▸ THE INPUT:
-------
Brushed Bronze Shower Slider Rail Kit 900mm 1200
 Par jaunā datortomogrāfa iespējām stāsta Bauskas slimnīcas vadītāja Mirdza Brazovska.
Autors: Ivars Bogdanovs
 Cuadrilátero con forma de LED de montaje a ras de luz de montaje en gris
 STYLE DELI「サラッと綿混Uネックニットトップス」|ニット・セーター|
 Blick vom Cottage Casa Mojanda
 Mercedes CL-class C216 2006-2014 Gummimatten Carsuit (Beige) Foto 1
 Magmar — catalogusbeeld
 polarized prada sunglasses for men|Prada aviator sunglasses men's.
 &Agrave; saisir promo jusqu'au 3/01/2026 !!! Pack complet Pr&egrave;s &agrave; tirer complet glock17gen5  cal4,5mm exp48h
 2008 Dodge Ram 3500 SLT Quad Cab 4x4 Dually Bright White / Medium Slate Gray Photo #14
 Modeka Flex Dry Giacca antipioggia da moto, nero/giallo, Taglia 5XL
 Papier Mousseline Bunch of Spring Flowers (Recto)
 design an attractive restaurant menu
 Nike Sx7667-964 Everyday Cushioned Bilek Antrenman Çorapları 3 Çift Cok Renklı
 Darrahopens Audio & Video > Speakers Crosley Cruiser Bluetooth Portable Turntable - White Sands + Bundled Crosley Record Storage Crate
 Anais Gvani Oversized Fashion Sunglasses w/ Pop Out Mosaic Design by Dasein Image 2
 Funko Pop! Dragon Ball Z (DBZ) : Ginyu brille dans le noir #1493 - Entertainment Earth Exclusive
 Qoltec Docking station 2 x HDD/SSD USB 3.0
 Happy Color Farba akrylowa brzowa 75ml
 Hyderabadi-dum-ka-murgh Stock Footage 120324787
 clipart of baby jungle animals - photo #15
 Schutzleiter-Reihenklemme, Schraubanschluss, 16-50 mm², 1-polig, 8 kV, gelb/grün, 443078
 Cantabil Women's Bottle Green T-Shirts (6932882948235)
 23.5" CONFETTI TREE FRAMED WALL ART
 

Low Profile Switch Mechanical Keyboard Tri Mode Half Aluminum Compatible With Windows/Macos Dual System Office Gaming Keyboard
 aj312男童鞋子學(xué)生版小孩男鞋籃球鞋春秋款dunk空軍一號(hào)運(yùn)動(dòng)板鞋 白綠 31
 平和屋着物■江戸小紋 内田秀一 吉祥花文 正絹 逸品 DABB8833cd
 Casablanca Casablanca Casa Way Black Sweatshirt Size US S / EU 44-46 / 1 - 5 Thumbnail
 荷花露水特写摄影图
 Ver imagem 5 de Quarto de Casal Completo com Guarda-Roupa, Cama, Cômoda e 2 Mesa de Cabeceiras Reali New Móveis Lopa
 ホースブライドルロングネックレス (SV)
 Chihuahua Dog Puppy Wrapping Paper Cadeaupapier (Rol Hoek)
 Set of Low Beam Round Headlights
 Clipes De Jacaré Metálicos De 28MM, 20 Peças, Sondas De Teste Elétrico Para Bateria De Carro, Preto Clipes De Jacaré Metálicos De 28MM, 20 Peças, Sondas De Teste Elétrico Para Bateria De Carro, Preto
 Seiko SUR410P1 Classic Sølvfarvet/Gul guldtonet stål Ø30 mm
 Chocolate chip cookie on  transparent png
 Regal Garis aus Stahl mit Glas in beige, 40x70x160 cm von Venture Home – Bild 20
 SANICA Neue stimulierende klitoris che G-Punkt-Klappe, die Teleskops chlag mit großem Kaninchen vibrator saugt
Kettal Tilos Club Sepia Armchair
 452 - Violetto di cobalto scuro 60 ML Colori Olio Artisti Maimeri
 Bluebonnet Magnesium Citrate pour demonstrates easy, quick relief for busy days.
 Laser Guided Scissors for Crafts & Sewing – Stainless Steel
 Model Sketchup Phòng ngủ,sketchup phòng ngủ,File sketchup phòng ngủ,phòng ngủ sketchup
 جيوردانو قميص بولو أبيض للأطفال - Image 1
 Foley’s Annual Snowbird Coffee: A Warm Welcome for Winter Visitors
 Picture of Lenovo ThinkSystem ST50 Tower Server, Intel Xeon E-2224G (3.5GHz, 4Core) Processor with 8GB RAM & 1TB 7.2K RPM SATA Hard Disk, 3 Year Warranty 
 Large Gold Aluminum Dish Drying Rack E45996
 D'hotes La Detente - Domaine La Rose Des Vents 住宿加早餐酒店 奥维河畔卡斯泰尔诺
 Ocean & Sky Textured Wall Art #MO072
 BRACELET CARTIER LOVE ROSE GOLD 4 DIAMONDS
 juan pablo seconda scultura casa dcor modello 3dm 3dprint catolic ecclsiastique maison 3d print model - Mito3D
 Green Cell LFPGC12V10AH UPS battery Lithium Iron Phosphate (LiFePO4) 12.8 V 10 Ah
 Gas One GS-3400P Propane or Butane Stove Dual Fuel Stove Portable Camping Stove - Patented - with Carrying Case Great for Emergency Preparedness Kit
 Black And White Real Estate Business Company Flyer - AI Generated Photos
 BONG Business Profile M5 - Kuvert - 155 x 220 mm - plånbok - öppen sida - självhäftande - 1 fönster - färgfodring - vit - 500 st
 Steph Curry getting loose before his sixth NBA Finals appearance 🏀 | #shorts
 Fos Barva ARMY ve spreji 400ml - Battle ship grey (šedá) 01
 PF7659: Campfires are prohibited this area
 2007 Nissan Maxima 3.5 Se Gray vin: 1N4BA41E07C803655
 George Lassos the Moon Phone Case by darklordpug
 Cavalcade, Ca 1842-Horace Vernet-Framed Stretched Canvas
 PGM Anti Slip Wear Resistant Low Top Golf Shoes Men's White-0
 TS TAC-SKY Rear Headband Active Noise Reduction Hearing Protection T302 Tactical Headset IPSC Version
-------
▸ EXERCISE: Everything from the line containing "juan pablo seconda" down to the last line of the entries is to be returned exactly, both ends included, and nothing beyond it.

▸ TASK RESPONSE:
 juan pablo seconda scultura casa dcor modello 3dm 3dprint catolic ecclsiastique maison 3d print model - Mito3D
 Green Cell LFPGC12V10AH UPS battery Lithium Iron Phosphate (LiFePO4) 12.8 V 10 Ah
 Gas One GS-3400P Propane or Butane Stove Dual Fuel Stove Portable Camping Stove - Patented - with Carrying Case Great for Emergency Preparedness Kit
 Black And White Real Estate Business Company Flyer - AI Generated Photos
 BONG Business Profile M5 - Kuvert - 155 x 220 mm - plånbok - öppen sida - självhäftande - 1 fönster - färgfodring - vit - 500 st
 Steph Curry getting loose before his sixth NBA Finals appearance 🏀 | #shorts
 Fos Barva ARMY ve spreji 400ml - Battle ship grey (šedá) 01
 PF7659: Campfires are prohibited this area
 2007 Nissan Maxima 3.5 Se Gray vin: 1N4BA41E07C803655
 George Lassos the Moon Phone Case by darklordpug
 Cavalcade, Ca 1842-Horace Vernet-Framed Stretched Canvas
 PGM Anti Slip Wear Resistant Low Top Golf Shoes Men's White-0
 TS TAC-SKY Rear Headband Active Noise Reduction Hearing Protection T302 Tactical Headset IPSC Version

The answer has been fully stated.